Ein anderer Film würde sich nach diesem Vorspann aus dem Opernsaal entfernen und die eigentliche Geschichte beginnen lassen. Song of Love nimmt sich Zeit und bleibt weitere vier Minuten im Konzert. Bedächtig gleitet die Kamera an die Hauptfigur heran, lässt nach und nach ihre Züge und damit auch den Star Katharine Hepburn erkennen. Sie verweilt auf ihr (von wenigen Abstechern ins Konzertpublikum abgesehen), zeigt in derselben Einstellung immer wieder ihren Körper und ihre Hände, die mit rigorosen und vor allem passenden Bewegungen die Tasten des Flügels bedienen. Solche Beharrlichkeit hat die Funktion eines Beweises: Katharine Hepburn tut nicht nur so, als würde sie das Liszt-Konzert spielen – sie spielt es tatsächlich.8

Dagegen wird Claras Gesicht eher beiläufig gezeigt. Ausserdem lässt es kein besonderes emotionales Engagement erkennen, sondern drückt vor allem Konzentration und Ernsthaftigkeit aus. Das gilt selbst für den Moment der Zugabe: Aus Liebe zu Robert und gegen den Willen des eifersüchtigen Vaters spielt Clara «Träumerei» aus Schumanns Kinderszenen, op. 15. Damit ist eine emotionale Prämisse geschaffen, die eine hoch expressive Mimik erwarten lässt. Dennoch ist dasselbe konzentrierte Gesicht zu sehen, dessen Ausdruck weit weniger mit dem der Musik übereinstimmt als in Tout va bien, on s’en va und Höstsonaten.

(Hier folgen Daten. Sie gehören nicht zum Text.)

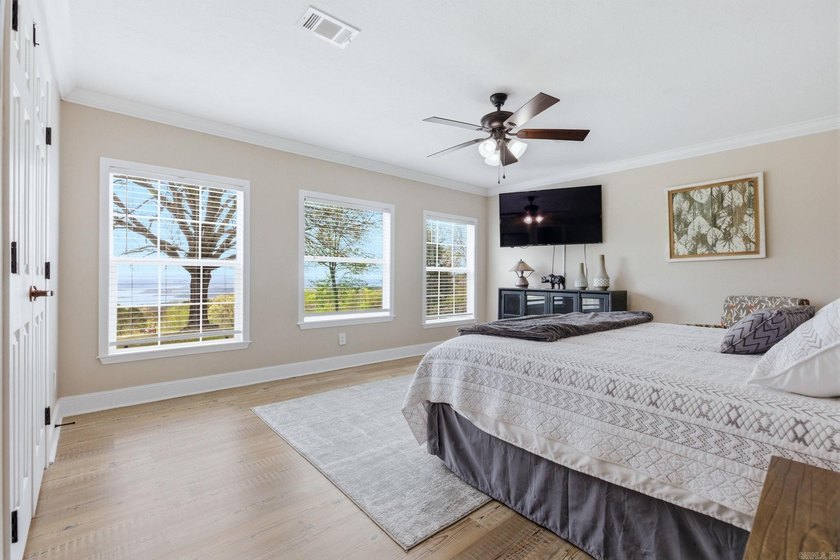 This property offers the perfect opportunity for a relaxing lake - photo 31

Ähnlich wie Song of Love verfährt Frühlingssinfonie von Peter Schamoni (BRD/DDR 1983), ein weiteres Schumann-Wieck-Biopic mit Herbert Grönemeyer und Nastassja Kinski in den Hauptrollen. Zum einen wird erneut der (wenn auch flüchtigere) Beweis erbracht, dass Kinski selber spielt. Zum anderen tendiert auch ihr Gesicht zu konzentrierter Gelassenheit, gleichgültig, ob sie Schumanns luftig-amüsierte Papillons, op. 2, interpretiert oder die virtuose Schwere seiner Études symphoniques, op. 13. Daran ändern auch aufwühlende Ereignisse nichts – die vorübergehende Trennung der Liebenden, ihre Versöhnung, eine neuerliche Intrige von Claras Vater (Rolf Hoppe) –, selbst wenn sie den Musiziersequenzen unmittelbar vorangehen. In all diesen Momenten wird Claras Gesicht eher nebenher gezeigt, ist Atmosphärisches wichtiger: das Leipziger Gewandhaus, die aristokratischen Landgüter, die erlesenen Interieurs in Pariser Salons und die Beflissenheit des biedermeierlichen Publikums.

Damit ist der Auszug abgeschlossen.